(Pictures with short captions)
== Segment start ==

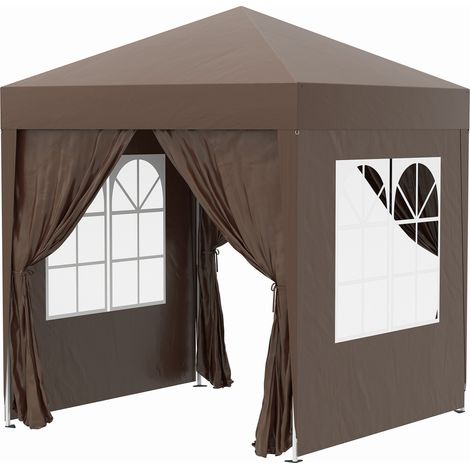 AS EASY Pavillon pliant 2x2m avec 4 panneaux latéraux et fenêtres, protection UV, tente de jardin avec sac de transport, structure robuste en toile Oxford, marron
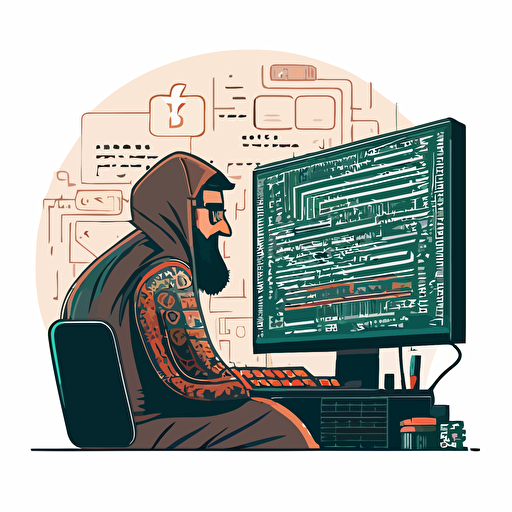 A middleeastern guy sitting infront of pc coding, behind perspective, cartoon, vector, 2d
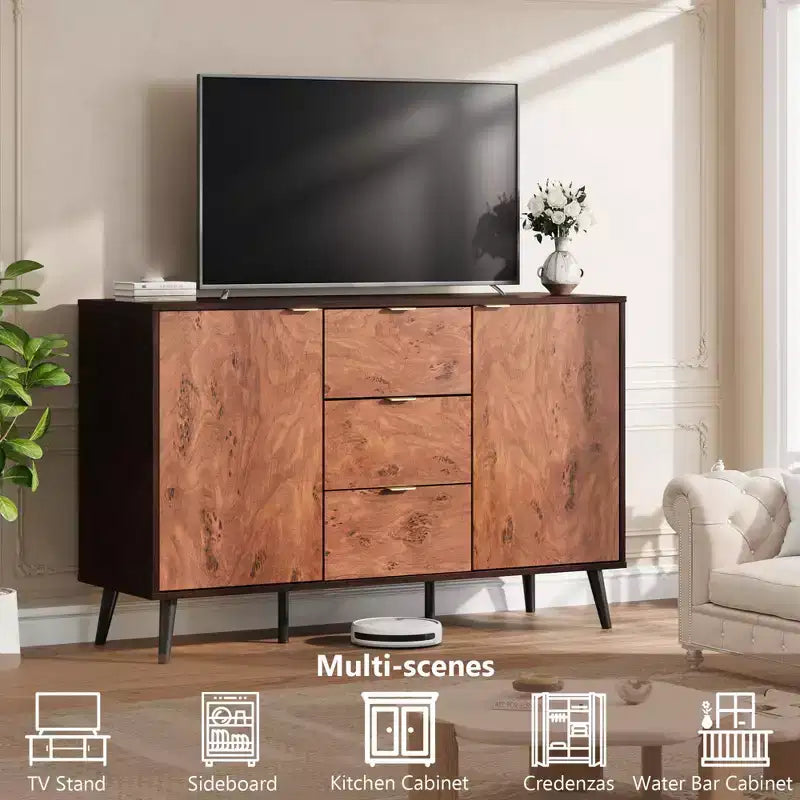 Credenza a Buffet 51,2", Armadietto da Caffè per Ingresso con 3 Cassetti, Mobile Console Media in Legno, Mobile Dispensa da Cucina per Soggiorno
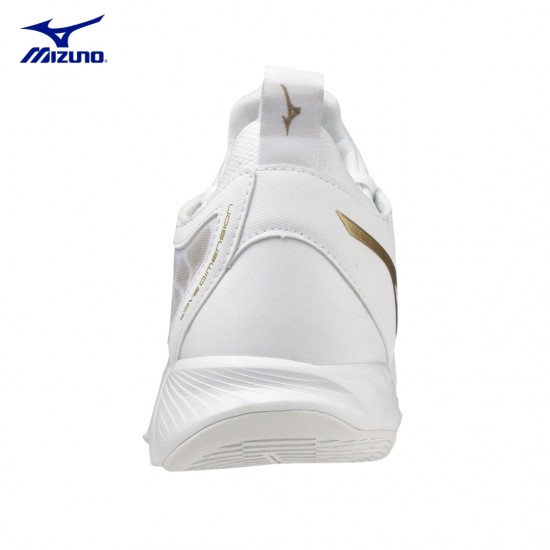 Zapatillas de Voleibol Mizuno Wave Dimension Blanco y Dorado I V1GC224068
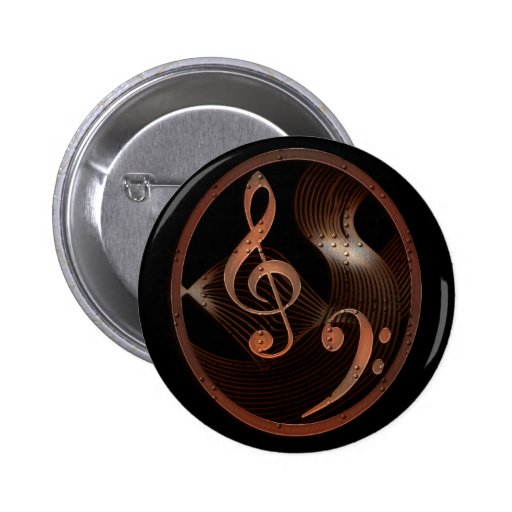Steampunk Music Design Button pin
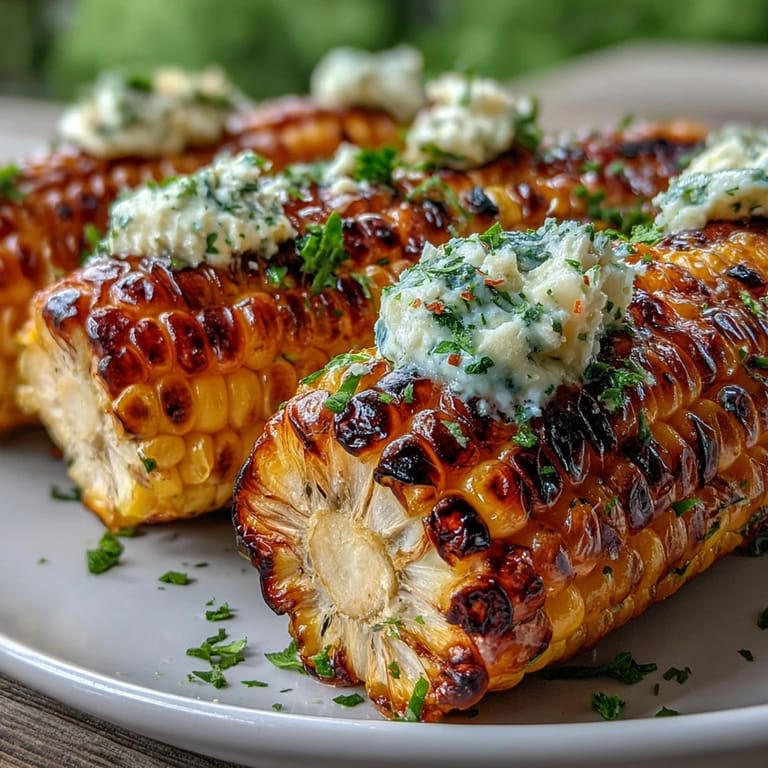Juicy grilled corn, a summer staple, topped with savory herb butter combinations.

== Segment end ==

Your task
When you repeat the data, keep every line exact and drop the images.

Result
 AS EASY Pavillon pliant 2x2m avec 4 panneaux latéraux et fenêtres, protection UV, tente de jardin avec sac de transport, structure robuste en toile Oxford, marron
 A middleeastern guy sitting infront of pc coding, behind perspective, cartoon, vector, 2d
 Credenza a Buffet 51,2", Armadietto da Caffè per Ingresso con 3 Cassetti, Mobile Console Media in Legno, Mobile Dispensa da Cucina per Soggiorno
 Zapatillas de Voleibol Mizuno Wave Dimension Blanco y Dorado I V1GC224068
Steampunk Music Design Button pin
Juicy grilled corn, a summer staple, topped with savory herb butter combinations.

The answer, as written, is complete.